11
de outubro de
2004
Depois
do formalismo rebuscado de Reconstrução de um amor
(2003), de Christopher Boe, é a vez de outro filme dinamarquês
chegar por aqui: Corações livres (Open harts; 2002),
da realizadora Susanne Bier, busca sua inspiração
no despojamento narrativo bastante cru do Dogma 95, no lugar
das evocações do remoto experimentalismo de linguagem
do francês Alain Resnais a que Boe se chega de maneira
frágil.
Corações livres dá a impressão de
que foi rodado em 16 mm e depois ampliado para a bitola comercial
de 35 mm, tal é a leveza e a característica descarnada
dos movimentos enforcados de câmara e do jeito dos enquadramentos;
a partir disto, a fotografia muitas vezes baça e certas
seqüências filmadas em vídeo mesmo ajudam a
conferir à realização o conceito de conversa
ao pé do ouvido do espectador.
É
verdade que o ritmo narrativo é irregular e certos liames
emocionais usados por Susanne se abeiram perigosamente duma certa
superficialidade que seu mestre Lars Von Trier evita com uma
grandeza de filmar que, evidentemente, não é para
todos.
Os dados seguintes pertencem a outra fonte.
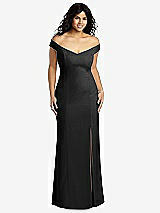Front View Thumbnail - Black Off-the-Shoulder Criss Cross Back Trumpet Gown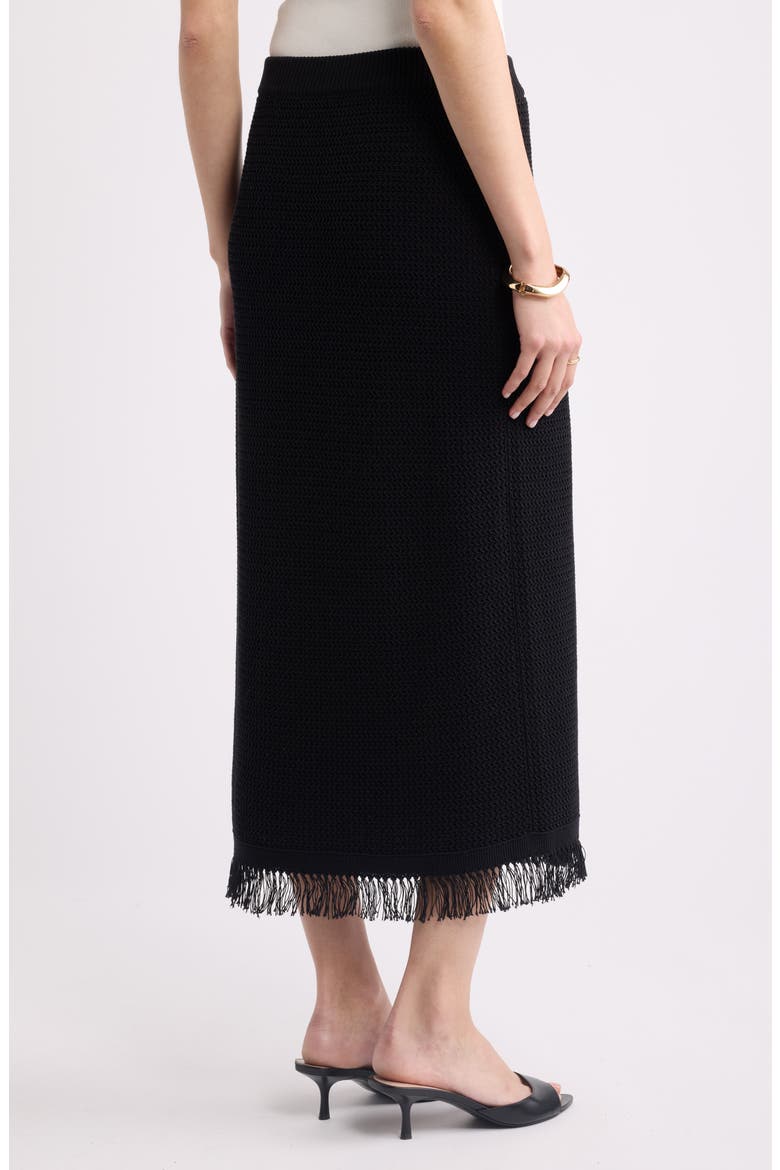 Fringe Sweater Midi Skirt, Alternate, color, BLACK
Mas o bom elenco e a justeza com que a diretora expõe
a insolubilidade dos impasses sentimentais de suas personagens
conquistam o observador; o fim em aberto da narrativa revela
a incompletude de qualquer ser humano: o acidentado que nunca
mais poderá andar e transar, o médico que abandona
a família ao relacionar-se com a jovem desamparada que
teve seu novo aleijado, esta jovem hesitante que rompeu definitivamente
com o noivo acamado mas ainda não se dispôs a assumir
sua relação com o médico, a esposa do médico
que o espera em casa esperando que passe o turbilhão carnal
do corpo jovem que seu marido experimentou –a vida destas
pessoas é inconclusa, pois vida é isto mesmo, sem
conclusão.
Sem
os botões comerciais de A dona da história (2004), do brasileiro Daniel Filho, ou mesmo de Garotas
do calendário
(2003), do inglês Nigel Cole, Corações livres terá dificuldades de topar seu público. Mas quem
o encontrar não sairá frustrado da sala de cinema.